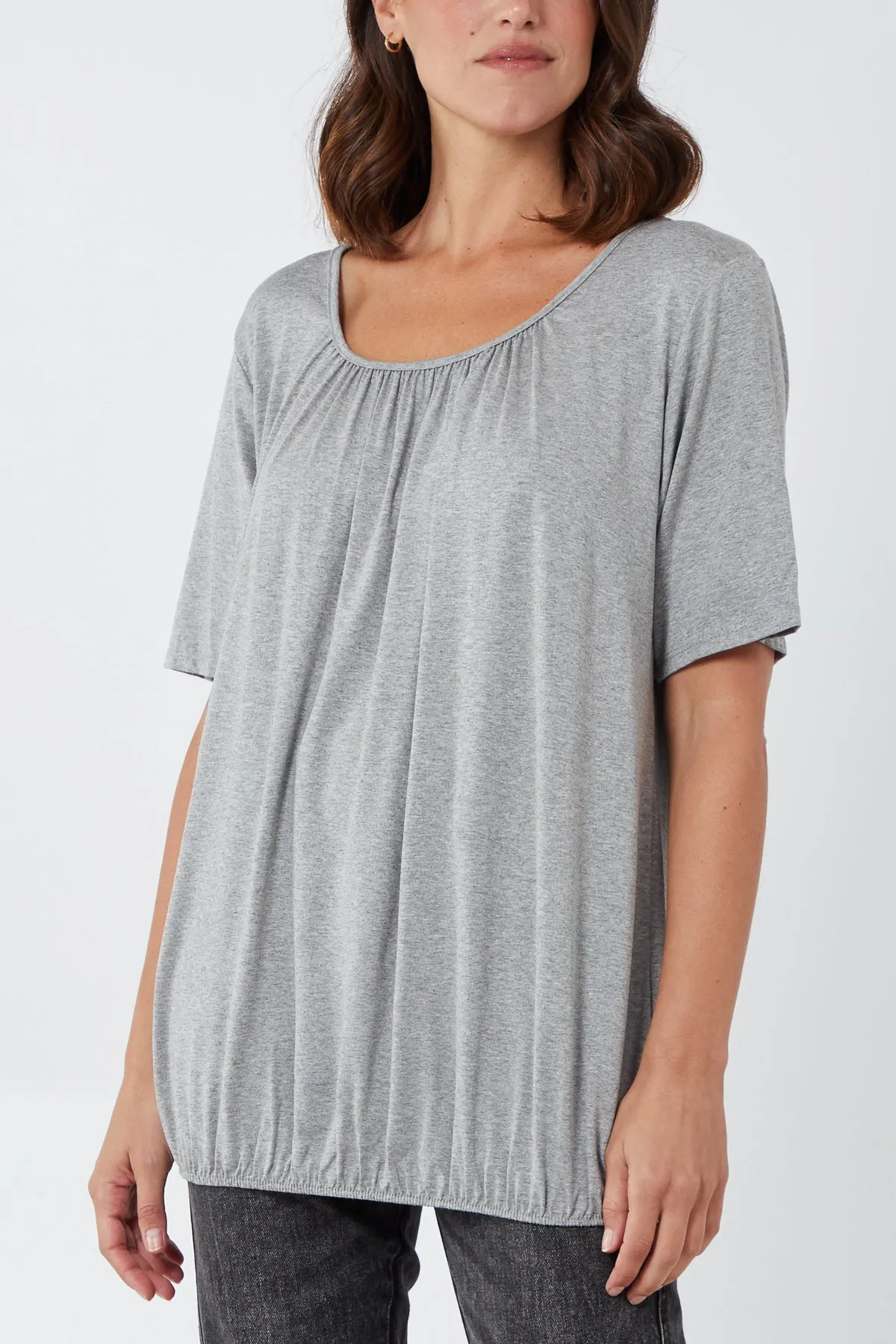 Scoop Neck Elastic Top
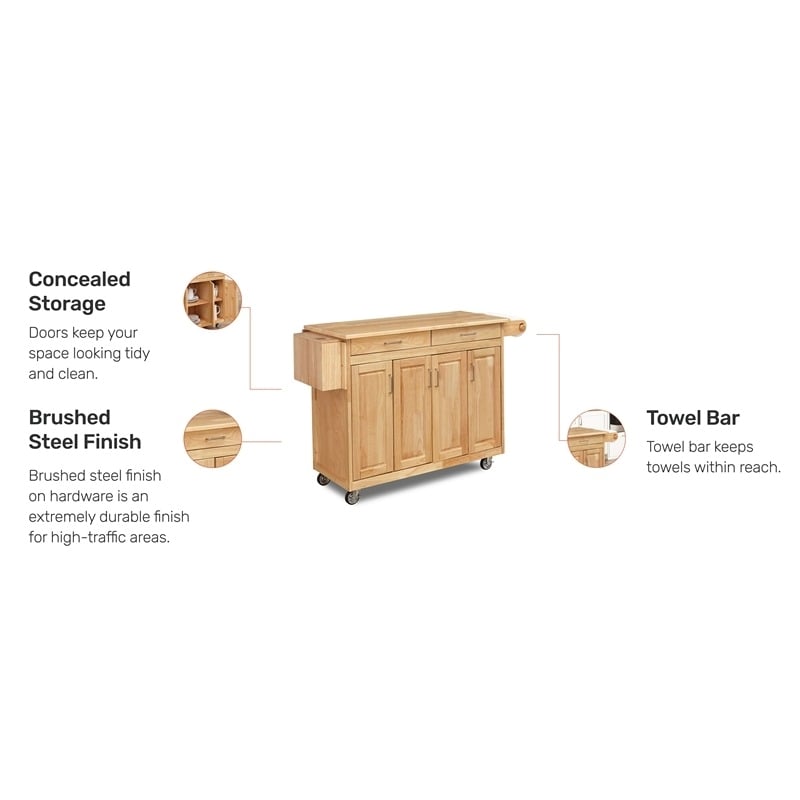 Bowery Hill 2-Drawer Wood Kitchen Cart with Breakfast Bar in Natural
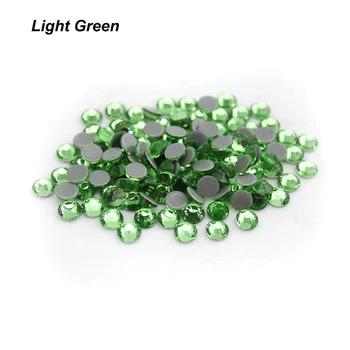 Top kvalita DMC Svetlo zelená Hot-Fix Kamienkami SS16-SS30 Krištáľové sklo Žehlička Na Drahokamu na oblečenie, svadobné dekorácie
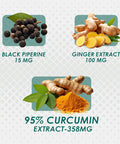 Ambrosial Ambrosial Curcumin with Piperine (Black Pepper) & Ginger | Turmeric supplement with 95% Curcuminoids for Joint Support | Highly Bioavailable & premium Antioxidant | 60 Vegan Capsules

Problem details
Please quote the lines of the material, beginning with the first and ending with the one that contains "Top kvalita DMC", exactly as written and without any pictures.

Answer box
 Scoop Neck Elastic Top
 Bowery Hill 2-Drawer Wood Kitchen Cart with Breakfast Bar in Natural
 Top kvalita DMC Svetlo zelená Hot-Fix Kamienkami SS16-SS30 Krištáľové sklo Žehlička Na Drahokamu na oblečenie, svadobné dekorácie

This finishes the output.